Möglicherweise hat damit auch die klare Option für den Begriff ‚Volkskirche‘ zu tun. Wir teilen die Auffassung des Textes, dass wir weder das Erbe noch die Chancen verspielen möchten, die in dieser Form von Kirche stecken. Auch wir möchten nicht zu einer NGO oder einer kirchlichen Gemeinschaft werden, die sich nur noch mit sich und ihren Mitgliedern beschäftigt. Aber der Begriff Volkskirche löst falsche Assoziationen aus, als wären hiermit bestimmte prozentuale Anteile an der Bevölkerung reklamiert o.ä. Daher schlagen wir als Arbeitstitel zum Weiterdenken: Kirche - unterwegs mit Gott und den Menschen vor. In diesem Titel steckt das reformatorische Moment der Bewegung von Kirche und zugleich die Spannung, in der wir uns bewegen; nämlich der zwischen Gott und Mensch.

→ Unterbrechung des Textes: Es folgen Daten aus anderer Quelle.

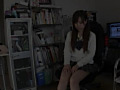 画像0050
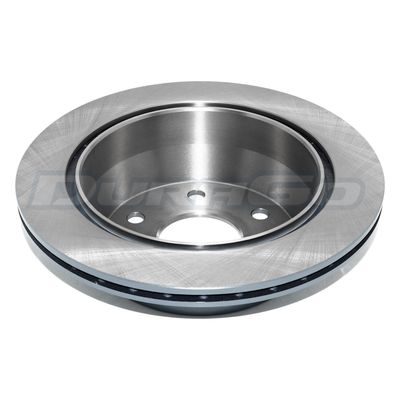 DuraGo Titanium Series - DTS BR5506601 view 2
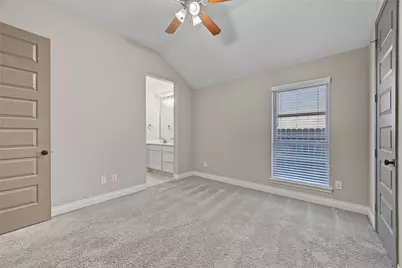 30414 Wild Garden Way Court, Fulshear, TX 77441 - Photo 14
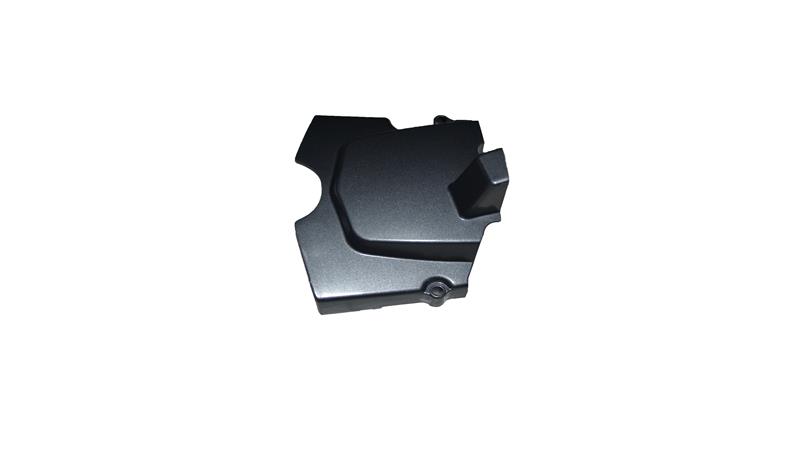 MJ-RKS-RK40946_1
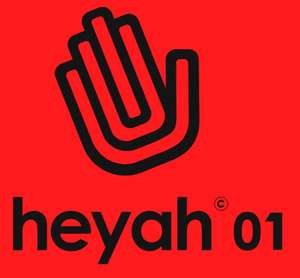 heyah01 - nowa odsłona oferty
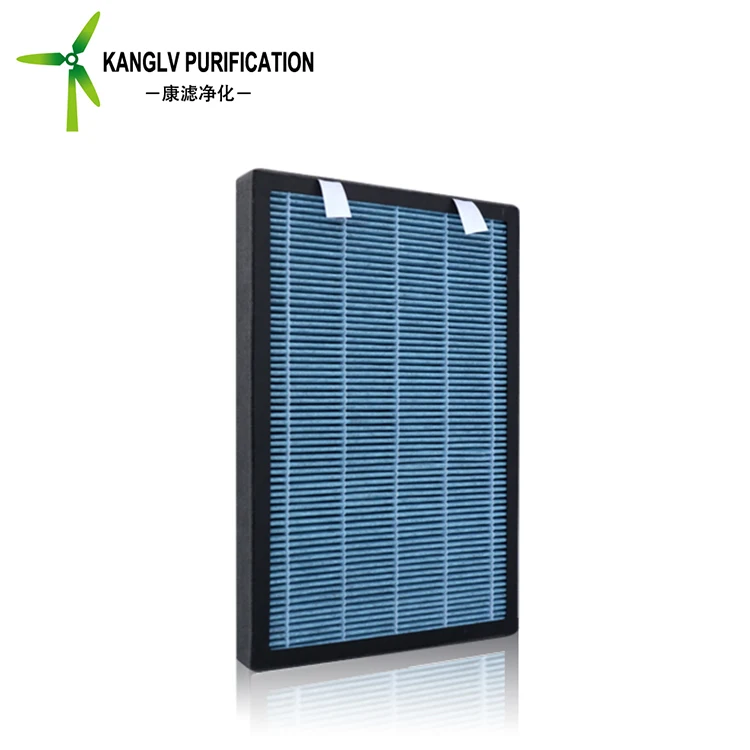 H13 Grade Central Filtration Air Filters,Cheap Home Air Filters With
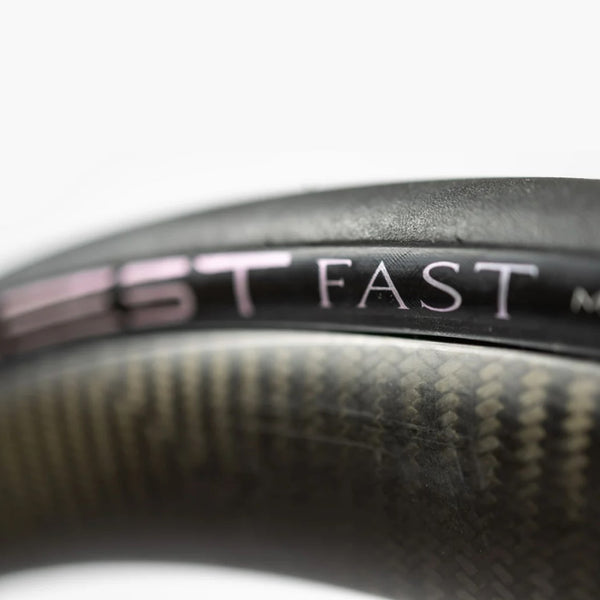 AGILEST FAST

Im Blick auf konkrete Punkte im Text möchten wir uns auf drei konzentrieren.

  1. Im Punkt B 4 fehlt uns der weltweite Bezug zur Ökumene. Zu einem verantwortlichen Haushalten gehört heute nicht nur der Blick auf die natürlichen Ressourcen, sondern auch der auf die südliche Halbkugel; schließlich hat unser Verhalten auch dort Auswirkungen. Im Ansatz ist das in Punkt 4.1.2. (dort im Begriff ‚solidarischen‘) angelegt, wird dann aber nicht weiter entfaltet. Hier schlagen wir unter Punkt 4.2. eine Ergänzung vor, in der globales Denken zur Voraussetzung für angemessenes lokales Handeln gezählt wird. Eine weitere Ergänzung unter Punkt 4.6. sollte in der Frage bestehen, ob eine Kirchengemeinde bzw. ein Pfarrsprengel eine Partnerschaft mit einer Kirchengemeinde in einer der Partnerkirchen des Berliner Missionswerkes hat. Wir begrenzen uns auf diese, weil hier die Möglichkeit fachkundiger Begleitung der Partnerschaft größer ist als sonst.

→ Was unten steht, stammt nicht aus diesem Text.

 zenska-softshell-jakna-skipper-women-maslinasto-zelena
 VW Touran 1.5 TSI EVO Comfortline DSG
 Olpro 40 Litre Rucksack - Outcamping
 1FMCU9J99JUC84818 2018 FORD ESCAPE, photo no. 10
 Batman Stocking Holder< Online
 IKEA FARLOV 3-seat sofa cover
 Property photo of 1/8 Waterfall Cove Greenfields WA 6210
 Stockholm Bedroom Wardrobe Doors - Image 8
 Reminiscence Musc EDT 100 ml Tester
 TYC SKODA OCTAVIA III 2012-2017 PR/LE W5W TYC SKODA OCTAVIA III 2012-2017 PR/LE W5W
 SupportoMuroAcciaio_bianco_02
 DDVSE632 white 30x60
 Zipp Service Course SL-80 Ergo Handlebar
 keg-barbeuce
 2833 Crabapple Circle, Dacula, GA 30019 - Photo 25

  2. Ein weiterer Punkt ist die vielfach vorgetragene These der Entlastung der Mitarbeiter bzw. der Gemeinden von dem, was nicht wesentlich ist. Vom Unwesentlichen sollen die Gemeinden entlastet werden, nämlich von ,Verwaltungsaufgaben‘ (so schon Seite 10; Punkt 1.8.2.: damit „… Gemeinden sich stärker auf das Wesentliche, nämlich geistlich Gemeinde zu sein, konzentrieren können...“; Seite 18: „Kirchliche Gremien gewinnen dann an Profil, wenn sie nicht zu stark mit Entscheidungen für das operative Geschäft der Verwaltung belastet werden, sondern sich stärker mit der geistlichen Zielsetzung der kirchlichen Arbeit befassen können.“; Seite 29; oder auch 4.8.1.). Uns erscheint diese Trennung zwischen dem, was wesentlich ist, und dem, was unwesentlich ist, problematisch zu sein, und zwar nicht nur wegen der Willkür dieser Vorstellung, die offen lässt, wer das jeweils festlegt, sondern besonders deshalb, weil in unserer Kirche die Barmer Theologische Erklärung gilt und uns daran erinnert, dass ein Zusammenhang besteht zwischen der Botschaft und der Ordnung der Kirche (These 3). Diesem Zusammenhang entspricht die Unterscheidung eines geistlichen Bereiches und eines anderen, und nicht die Trennung zwischen Verwaltung und Gemeinde. In den kommenden kirchengesetzlichen Reglungen, z. B. im Kirchengesetz zu den Verwaltungsämtern, ist auf diesen Zusammenhang zu achten. Ansonsten werden wir in der kirchlichen Verwaltung in einigen Jahren die Entfernung von der Gemeinde beklagen, die heute schon hinsichtlich der Diakonie besteht und in Tagungen thematisiert wird.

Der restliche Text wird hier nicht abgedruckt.